:: YOUR TASK ::
For each entry below, write an exact copy and leave out the images.

▬▬▬▬▬▬▬▬▬▬

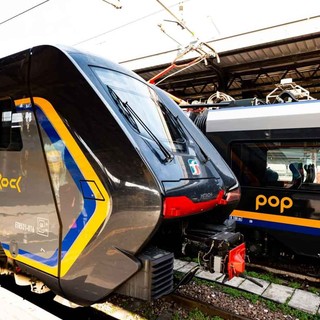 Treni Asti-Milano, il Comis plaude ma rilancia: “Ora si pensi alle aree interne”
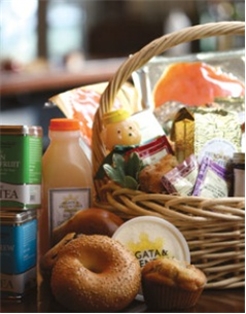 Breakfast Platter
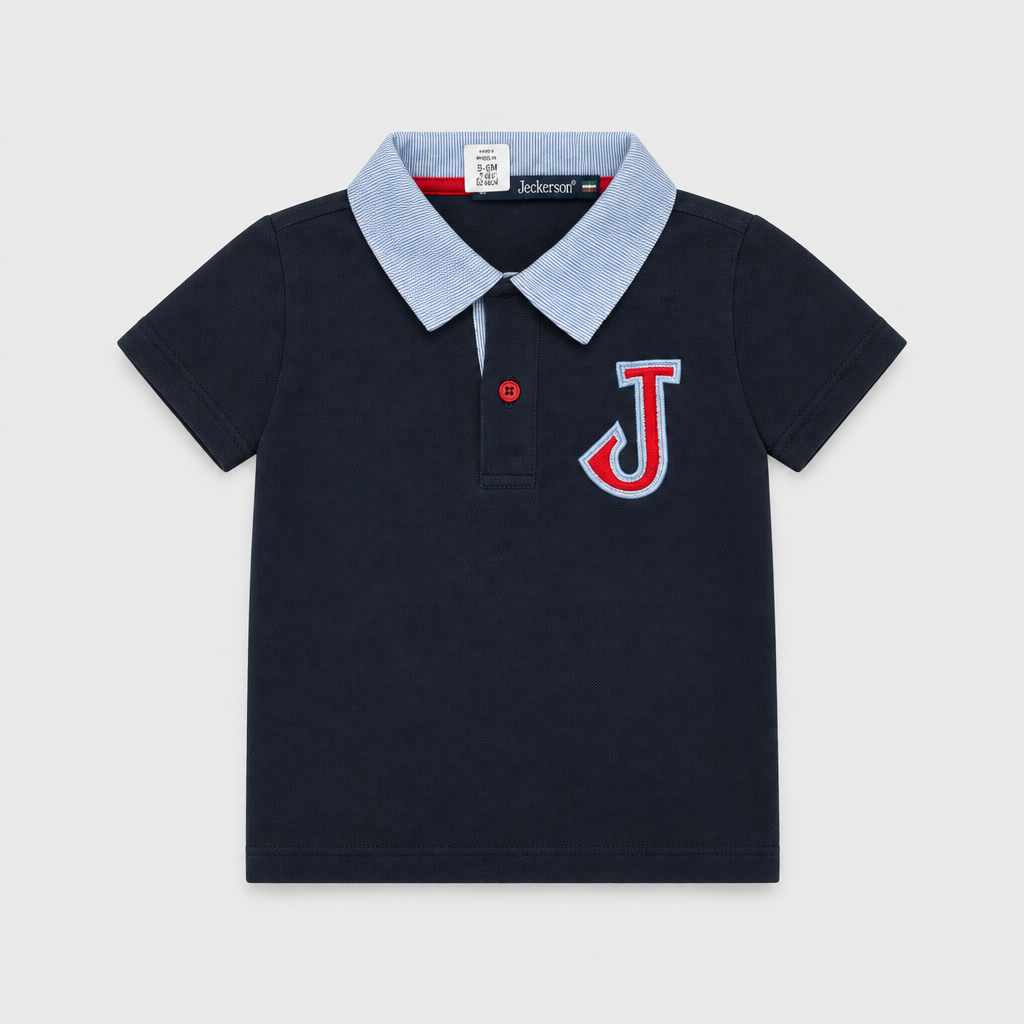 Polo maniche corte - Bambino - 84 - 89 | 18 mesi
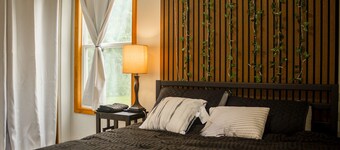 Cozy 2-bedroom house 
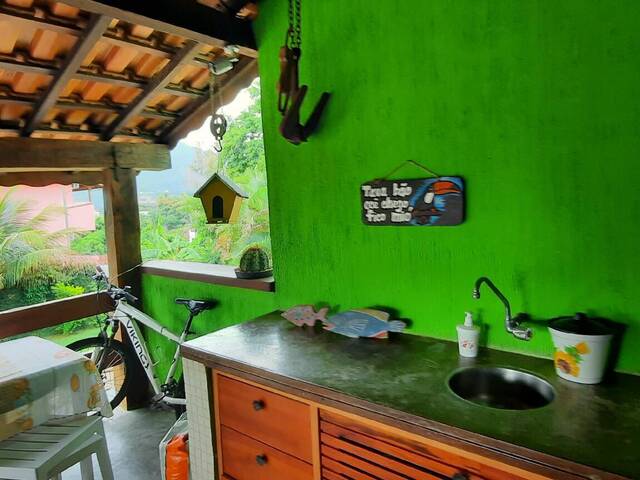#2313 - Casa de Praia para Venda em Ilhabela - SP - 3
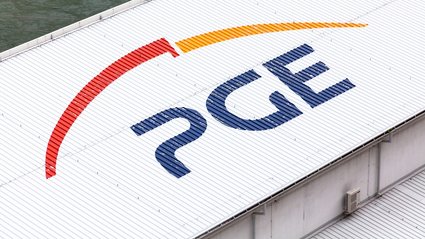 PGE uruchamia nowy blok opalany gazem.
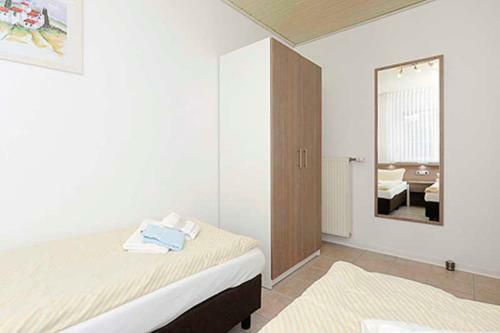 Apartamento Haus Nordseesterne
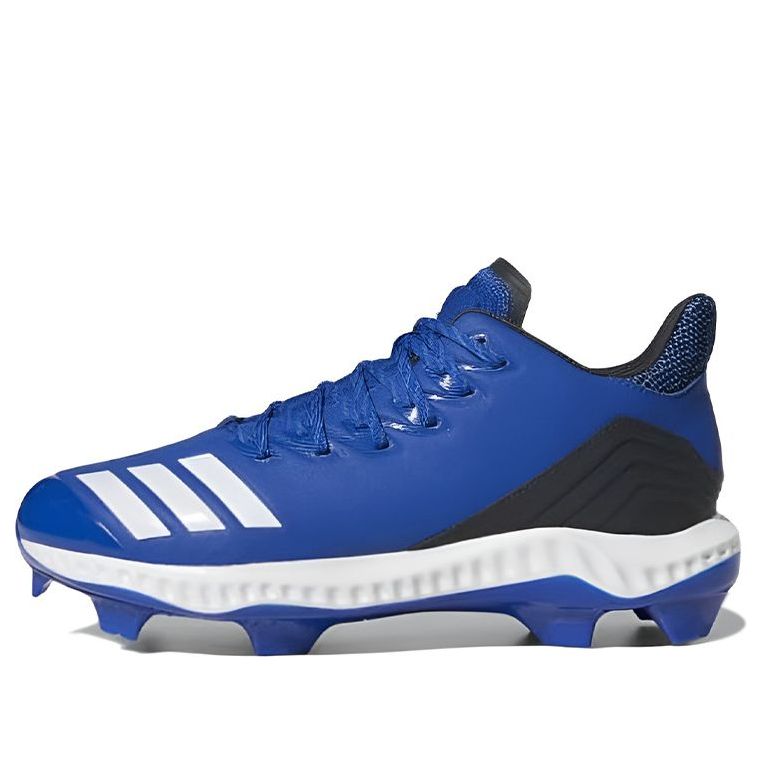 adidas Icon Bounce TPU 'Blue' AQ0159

▬▬▬▬▬▬▬▬▬▬

:: EXERCISE RESULT ::
 Treni Asti-Milano, il Comis plaude ma rilancia: “Ora si pensi alle aree interne”
 Breakfast Platter
 Polo maniche corte - Bambino - 84 - 89 | 18 mesi
 Cozy 2-bedroom house 
#2313 - Casa de Praia para Venda em Ilhabela - SP - 3
 PGE uruchamia nowy blok opalany gazem.
 Apartamento Haus Nordseesterne
 adidas Icon Bounce TPU 'Blue' AQ0159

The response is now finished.